On Saturday I brought my sister along with me. The woman sitting to my sister’s left introduced herself and said she came from an extended family of Poi fans and they’d all flown in from across the country for this show. She proceeded to tell us that her brother had passed away about two years ago and they had hired Frank (Orrall, leader of the band) to come and play on their deck as a kind of memorial service. She introduced us to her husband, then her brother who’d come from Los Angeles, a sister up from Georgia, another sister from I don’t remember where, her parents were a few tables over and her brother’s widow was with them. She’d come down from upstate New York. Aside from Frank playing on their deck, this was her first real Poi show.

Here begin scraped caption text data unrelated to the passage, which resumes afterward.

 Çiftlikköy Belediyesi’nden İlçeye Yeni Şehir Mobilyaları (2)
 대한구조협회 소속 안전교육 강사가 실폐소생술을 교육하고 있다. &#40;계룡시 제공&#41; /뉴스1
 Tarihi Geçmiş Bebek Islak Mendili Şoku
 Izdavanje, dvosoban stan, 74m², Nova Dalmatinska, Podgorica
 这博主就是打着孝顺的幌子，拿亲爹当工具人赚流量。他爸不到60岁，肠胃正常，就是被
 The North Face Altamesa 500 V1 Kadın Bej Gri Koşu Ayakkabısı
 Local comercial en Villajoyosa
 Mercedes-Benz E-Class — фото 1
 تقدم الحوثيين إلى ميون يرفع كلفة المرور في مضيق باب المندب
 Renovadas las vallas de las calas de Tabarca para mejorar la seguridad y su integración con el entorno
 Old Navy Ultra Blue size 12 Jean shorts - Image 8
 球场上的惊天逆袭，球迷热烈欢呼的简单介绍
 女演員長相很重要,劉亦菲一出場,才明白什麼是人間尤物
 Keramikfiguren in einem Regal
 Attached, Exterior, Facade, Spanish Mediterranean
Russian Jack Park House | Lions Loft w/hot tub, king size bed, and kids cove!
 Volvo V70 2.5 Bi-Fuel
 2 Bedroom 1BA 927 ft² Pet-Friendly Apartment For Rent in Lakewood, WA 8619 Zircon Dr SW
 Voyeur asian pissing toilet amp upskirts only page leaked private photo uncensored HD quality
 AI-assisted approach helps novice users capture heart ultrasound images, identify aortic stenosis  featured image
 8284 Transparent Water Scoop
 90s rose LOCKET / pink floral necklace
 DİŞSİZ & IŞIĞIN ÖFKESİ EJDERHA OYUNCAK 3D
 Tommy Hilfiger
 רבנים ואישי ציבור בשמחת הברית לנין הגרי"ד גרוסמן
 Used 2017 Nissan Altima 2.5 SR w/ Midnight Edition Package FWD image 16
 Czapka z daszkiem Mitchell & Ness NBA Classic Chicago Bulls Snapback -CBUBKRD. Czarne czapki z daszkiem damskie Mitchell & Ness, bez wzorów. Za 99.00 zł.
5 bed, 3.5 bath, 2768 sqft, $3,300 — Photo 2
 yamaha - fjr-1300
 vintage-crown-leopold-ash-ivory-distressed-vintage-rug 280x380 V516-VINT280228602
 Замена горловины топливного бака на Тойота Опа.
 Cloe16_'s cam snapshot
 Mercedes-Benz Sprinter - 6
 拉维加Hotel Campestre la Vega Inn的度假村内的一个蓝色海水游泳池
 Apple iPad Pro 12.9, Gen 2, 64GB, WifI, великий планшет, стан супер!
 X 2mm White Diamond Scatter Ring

I have to say, I got choked up about this whole scene before the show even began. There are several songs that Frank has written that address death and dying, but always in a positive light somehow. It didn’t surprise me that they had asked Frank to come and play for them; my funeral playlist starts with a Poi song too. But it’s more than that. He has this magnetic quality, this positive energy that creates the kind of devotion that brings people in from all over for a Poi show. That keeps us coming back two or three nights in a row, even after six or seven year absences. It’s not readily captured in video or audio because it’s missing the interaction with the other band members and the audience. In real life however, on several occasions, I’ve watched people at their first Poi show just fall under the spell that’s been cast in the room. It isn’t like you’re blown away, it’s more like you’re lifted up. You feel lighter.

wpid-wp-1425401204988.jpeg

L-R, Ron Hall, Frank Orrall, John Nelson, Susan Voelz.

One of the woman’s party said Frank knew they were all there. Shortly after that the band came on stage and Frank said, “This is for our brother, Jamie,” the woman’s brother, and they played that same song that leads off my funeral playlist. It’s a lovely, quiet instrumental song and, this family, I really couldn’t look at them or I was going to lose it.

The setlist varied, though they started off in a similar older to newer, slower to faster song progression. This time I didn’t wait as long to move to my dance spot. More people were already up dancing than the previous night. The woman we’d been talking to came over and joined me. Then my sister and her sisters. At one point my sister asked to borrow my phone to take a picture, not of the band but of the audience up dancing. She said she’d been to the City Winery a dozen times before and had never seen that many people up dancing. By the end of the night the whole place was up dancing. It was a first for the City Winery.

I couldn’t have been happier. I was happy for them that the shows were such a success. I was happy for the woman and her family who so clearly enjoyed the show and I know just the kind of cathartic release this was for them. I was happy that I’d been able to see one of my favorite live bands and dance and bask in that glow after so many years.

Last week I remembered that the Amazon music app on my phone has any CD I ever purchased through the site available to stream for free. I’d bought their album “7” when it came out in 2008 through Amazon so I fired up my phone-Bluetooth-radio set up in the car and hit play. As I drove home it started to snow, and I didn’t even care. Nothing was going to wipe that smile off my face.